Riddhiman Kundu, IIM C

One of the most disruptive marketing channels marketers can ill afford to ignore is mobile marketing. Business today is more challenging than ever before with customer service and communication taking unprecedented importance. Brands need to communicate directly with customers in real time in order to keep their finger on the pulse. Trends change more rapidly than traditional research can track. Mobile media marketing is opening up opportunities and challenges that need to be addressed and integrated in conventional marketing to enable businesses stay at the forefront.

Why Mobile Marketing Works

The biggest reason for the proliferation of mobile marketing strategy is the kind of opportunities it opens up both in B2B and B2C interactions. Why mobile marketing for B2C?

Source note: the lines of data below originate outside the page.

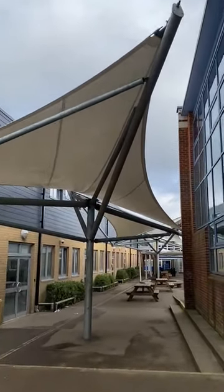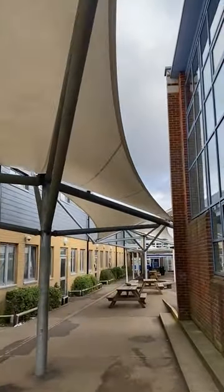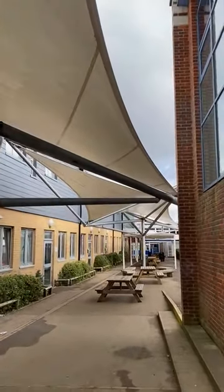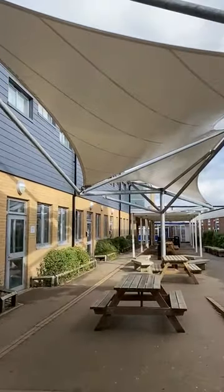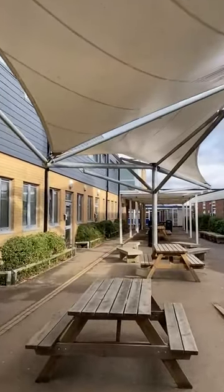This is a school in High Wycombe. They had a particular need for a covered walkway, and this is what we designed and created for them.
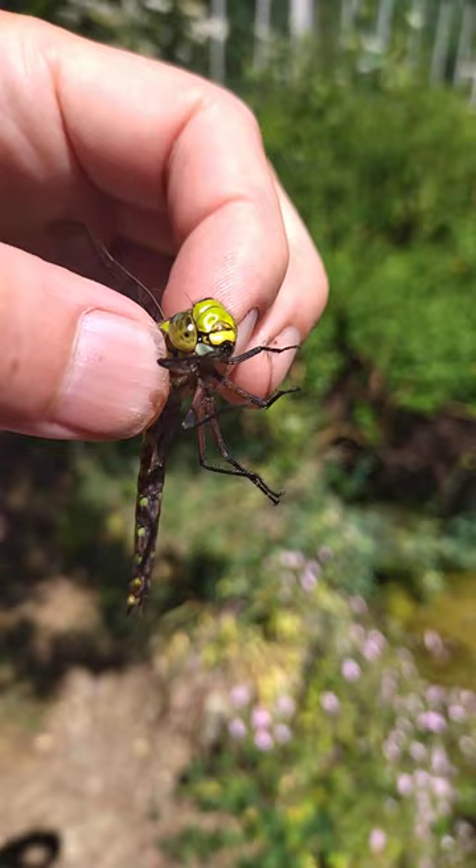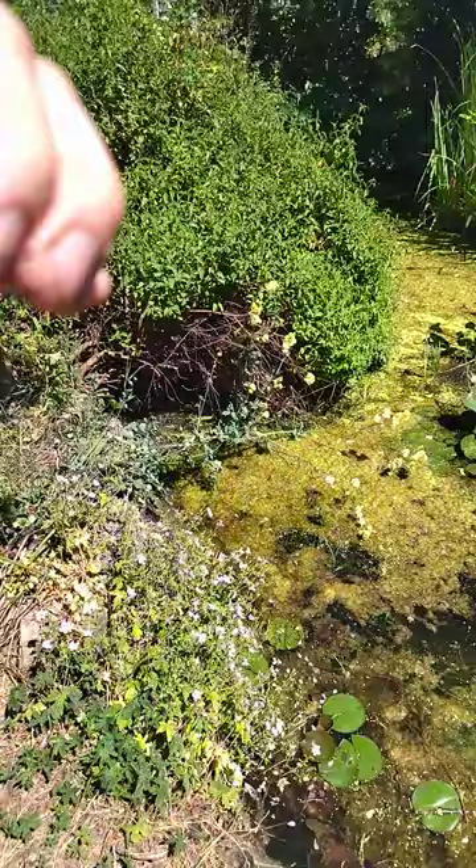Look at this gorgeous creature - it's a southern hawker dragonfly, just got trapped in the house next to mine. We've got a lovely pond next to the house and this one got caught inside, came in the window.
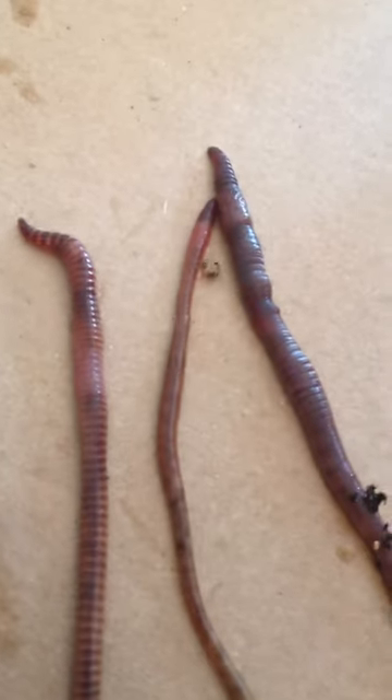Glen Huntley was asking me about doing a video for different kinds of worms. What we have here is three of the worms that I own, besides the red wigglers.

It is highly personalised and targeted, meaning it can reach people at the exact moment when they are most receptive to your communication. It boasts of high levels of interactivity, such that mobile ad campaigns lead to users to instantly making a call, sending a message or downloading content. Even more impressive is the precision with which mobile advertisements can be tracked and monitored, down to clicks, conversions and revenues.

Mobile marketing can also create new fast and interactive marketing channels to target niche markets on the fly and interact with customers; Push and pull rolled into one system.

Even for B2B services, mobile marketing is becoming indispensable. It provides for leveraging a dynamic, valuable and new product ‘touch point’ for highly engaged business customers. Professionals have transitioned to needing content in bite-size chunks due to more multi-tasking, increased flows of content and more communication channels for them to manage daily.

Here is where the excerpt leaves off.